По крайней мере, в сознании балтиморских прокуроров и детективов, телевидение бесповоротно положило конец концепции думающей коллегии, задушило на корню сюжетными линиями, где стирается вся двусмысленность и даются ответы на все вопросы. В результате те, кому поручено наказывать за убийство, больше не верят в чушь в стиле Нормана Роквелла[72]
насчет двенадцати разгневанных мужчин в рубашках с короткими рукавами, спорящих в липкой духоте над ключевой уликой. В реальном мире это скорее дюжина недоумков рассказывает друг другу, какой же милый и тихий человек этот подсудимый, а потом посмеиваются над галстуком прокурора. Адвокаты поспешат назвать такое мнение простой обидой, но на самом деле неверие закаленных прокуроров и детективов по отношению к системе присяжных уходит корнями глубже. Речь не о том, что государство должно выигрывать в каждом уголовном разбирательстве, – система не так устроена. Но неужели кто-то и правда верит, будто 45 процентов обвиняемых в убийстве, предстающих перед судом – то есть на последнем этапе длинного, сужающегося "бутылочного горлышка" правовой системы, – невиновны?Как следствие, городские коллегии стали скорее помехой для прокуроров, которым проще согласиться на мягкую сделку или стерпеть отклоненные дела, чем тратить время и деньги городского бюджета на дела, где вина очевидна, но доказательная база чуть менее чем неопровержима. Естественно, компетентный адвокат или общественный защитник, в свою очередь, понимает, что в большинстве случаев суд присяжных – последнее, чего хочет городской прокурор, и пользуется этим рычагом в переговорах.

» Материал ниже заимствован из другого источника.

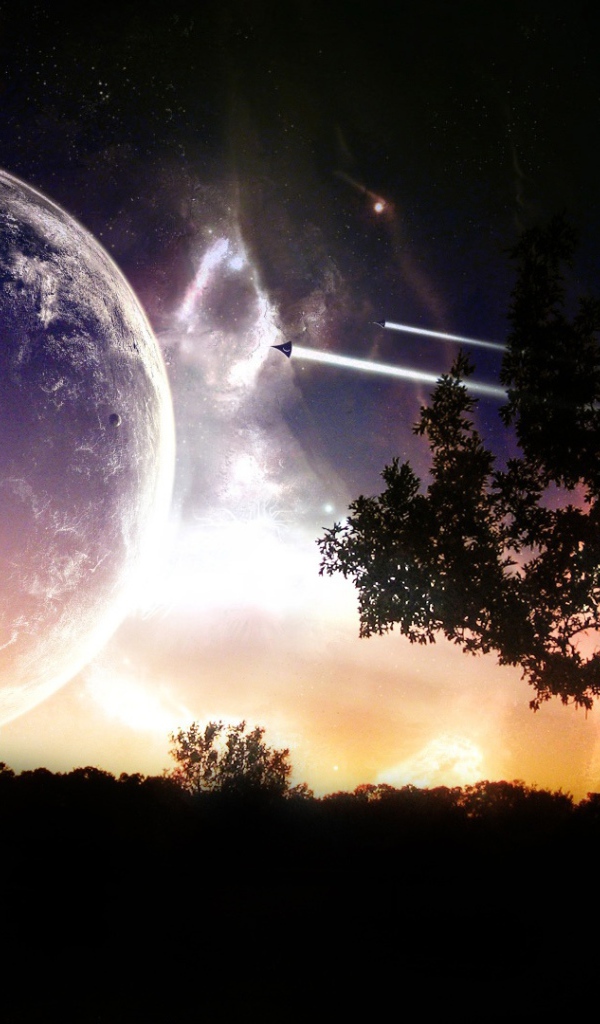 Путешествие вселенной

Для детективов решение о сделке или отклонении дела – больное место в отношениях любви-ненависти с прокуратурой. Да, думает детектив, они все-таки на нашей стороне. Да, они стараются засадить злодеев в тюрьму, получая половину зарплаты, которую они могли бы получать в коммерческой фирме. Да, они точно так же стремятся к правосудию. Но обо всех братских чувствах можно забыть, когда молодой помощник прокурора, только два года как выпустившийся из школы права Балтиморского университета, отказывается от наркоубийства, на которое положили три недели. Тут сразу же вспоминаются все старые обиды: я, значит, из кожи вон лез, чтобы затащить неохотно идущих свидетелей в суд присяжных, и ради чего? Ради того, чтоб этот хлыщ в пиджаке в полоску и в деловом галстуке сунул папку в долгий ящик приостановленных? Черт, даже зассал взять трубку и мне позвонить, не то что спросить, как можно спасти это хреново дело.
Существуют и хлипкие дела, заслуживающие приостановки, никто не спорит. Некоторые дела приходят в здание суда готовыми для производства, но саморазрушаются, как только свидетели пойдут на попятную. Любому детективу убойного известна простая истина: всякое бывает. Но еще он верит, что зря пропадает слишком много пограничных дел – и даже немалое количество вполне жизнеспособных, – особенно у неопытных прокуроров.
На что-то хороший детектив может закрыть глаза – что-то понятно, что-то неизбежно. У балтиморской прокураторы, как и везде, хроническая нехватка штата и бюджета; ее судебный отдел укомплектован как ядром из компетентных ветеранов, так и новоприбывшими – молодыми юристами, поднявшимися до тяжких преступлений после нескольких лет в районных судах. Из кого-то выйдет хороший прокурор, из кого-то – серединка на половинку, а отдельные личности в зал суда вообще лучше не пускать. Детектив надеется на компетентного прокурора, но понимает, что система основана на сортировке. Дела распределяют так, чтобы крупные – с настоящими жертвами или с подсудимым, который подозревается или обвиняется сразу в нескольких преступлениях, – попали в руки матерого юриста. Расчет идет на то, что в самых критических случаях прокурор не будет превзойден или запуган группой опытных адвокатов, которые по частному договору или судебному назначению всегда тянутся к городским делам об убийствах.
Понимает детектив и то, что как минимум в двух третях жизнеспособных обвинений, если не больше, идти на сделку нужно. Хотя вне юридической системы словосочетание «предложение о сделке» чуть ли не бранное, работники суда видят его структурную необходимость. Без договоров система бы просто встала, дела бы дожидались рассмотрения так же, как пригородные рейсы ожидают взлетно-посадочных полос в Атланте. И с нынешним-то соотношением сделок и разбирательств ожидание от обвинительного акта до самого суда растягивается в среднем на срок от шести до девяти месяцев.